> **Source material**
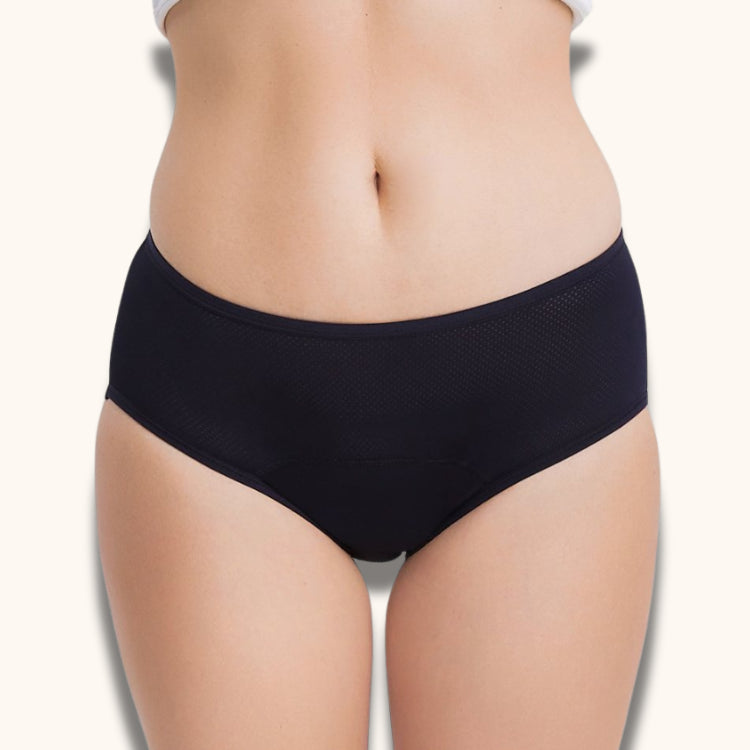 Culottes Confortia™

--

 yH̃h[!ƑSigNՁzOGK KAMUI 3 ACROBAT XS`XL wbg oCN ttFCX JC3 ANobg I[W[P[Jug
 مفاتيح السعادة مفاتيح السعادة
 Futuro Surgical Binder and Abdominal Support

> **Task to carry out**
Using the records above, restate word for word the lines from the one with "yH̃h[!ƑSigNՁzOGK KAMUI 3" through the one with "Futuro Surgical Binder and Abdominal Support", both included.

> **Answer space**
 yH̃h[!ƑSigNՁzOGK KAMUI 3 ACROBAT XS`XL wbg oCN ttFCX JC3 ANobg I[W[P[Jug
 مفاتيح السعادة مفاتيح السعادة
 Futuro Surgical Binder and Abdominal Support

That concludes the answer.